I rarely if ever had to look for Jimmy. He was always hanging around our house, waiting for my brother and his friends to ditch him. They were pretty cruel with him by present-day standards, I suppose but Jimmy didn’t seem to mind much. He’d suffer their jibes and jabs, and entertain them with a few nyuk-nyuks, and every day he came back for more. I didn’t mind being ditched myself, nor did I mind his company after they all tore out to go chasing after girls at Knott’s Berry Farm or the beach. I did mind that Eddie left me with most of his half of the yardwork, but that didn’t stop me from chipping in my share of the profits for their gas money either. Besides, Eddie had asthma, and I didn’t.
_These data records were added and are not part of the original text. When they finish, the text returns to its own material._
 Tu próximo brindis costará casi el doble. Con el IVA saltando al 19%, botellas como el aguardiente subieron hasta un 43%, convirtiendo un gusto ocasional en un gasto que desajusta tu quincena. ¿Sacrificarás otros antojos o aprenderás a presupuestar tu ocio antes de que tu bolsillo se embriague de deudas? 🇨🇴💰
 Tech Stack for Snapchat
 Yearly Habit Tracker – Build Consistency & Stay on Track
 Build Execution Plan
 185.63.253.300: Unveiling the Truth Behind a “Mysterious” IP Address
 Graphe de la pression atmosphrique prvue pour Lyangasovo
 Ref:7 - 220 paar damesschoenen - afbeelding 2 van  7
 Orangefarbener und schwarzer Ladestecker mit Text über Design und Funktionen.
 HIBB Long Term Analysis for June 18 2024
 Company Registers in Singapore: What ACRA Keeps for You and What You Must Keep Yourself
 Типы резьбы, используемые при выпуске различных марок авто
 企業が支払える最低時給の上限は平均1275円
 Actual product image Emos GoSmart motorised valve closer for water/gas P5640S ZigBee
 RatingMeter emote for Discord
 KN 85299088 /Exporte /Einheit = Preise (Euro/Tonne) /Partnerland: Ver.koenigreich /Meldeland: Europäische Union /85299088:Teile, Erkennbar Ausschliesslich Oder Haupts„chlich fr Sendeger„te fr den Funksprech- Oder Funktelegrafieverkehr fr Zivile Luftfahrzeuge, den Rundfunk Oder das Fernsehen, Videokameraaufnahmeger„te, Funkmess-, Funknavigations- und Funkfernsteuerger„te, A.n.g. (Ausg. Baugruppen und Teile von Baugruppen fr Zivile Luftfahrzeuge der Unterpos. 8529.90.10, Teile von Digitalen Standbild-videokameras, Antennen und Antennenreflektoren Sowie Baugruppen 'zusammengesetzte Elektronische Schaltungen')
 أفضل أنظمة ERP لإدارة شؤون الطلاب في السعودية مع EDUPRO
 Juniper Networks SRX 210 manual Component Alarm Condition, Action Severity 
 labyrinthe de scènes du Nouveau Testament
The yardwork never took that long anyway. Most of the time we would pull a few weeds from around my dad’s rose bushes, that he had planted around the perimeter of the backyard. The hardest part was avoiding the dead fish-heads that he had buried, and swore up and down were fertilizing the soil. Mom, of course was happy if we just stayed out of the house for awhile. 

We always had bikes to ride, but most of the time Jimmy and I would just take off walking. Sometimes we went east to the “Big A,” the large new discount store about a mile down the highway, and he would tramp along beside me on his flat feet. I liked to go there because they had a wide selection of record albums that I couldn’t afford, but it was fun to look and make plans to save up for a new Beatle album. Other times we’d cross over the Santa Ana Freeway via the Shoemaker bridge and scout for pollywogs and frogs in the drainage ditches that ran alongside the interstate. But most of the time we would go the other direction, past the outdoor Harvester’s Market to Front Street, poking our way along the railroad tracks as we went in search of coins, bottles and other valuable litter.  Sometimes we’d stop in at the Salvation Army store, that I always imagined smelled like dead people’s homes, and I’d browse through all the old books and records looking for anything about the war. Then we’d go to the library.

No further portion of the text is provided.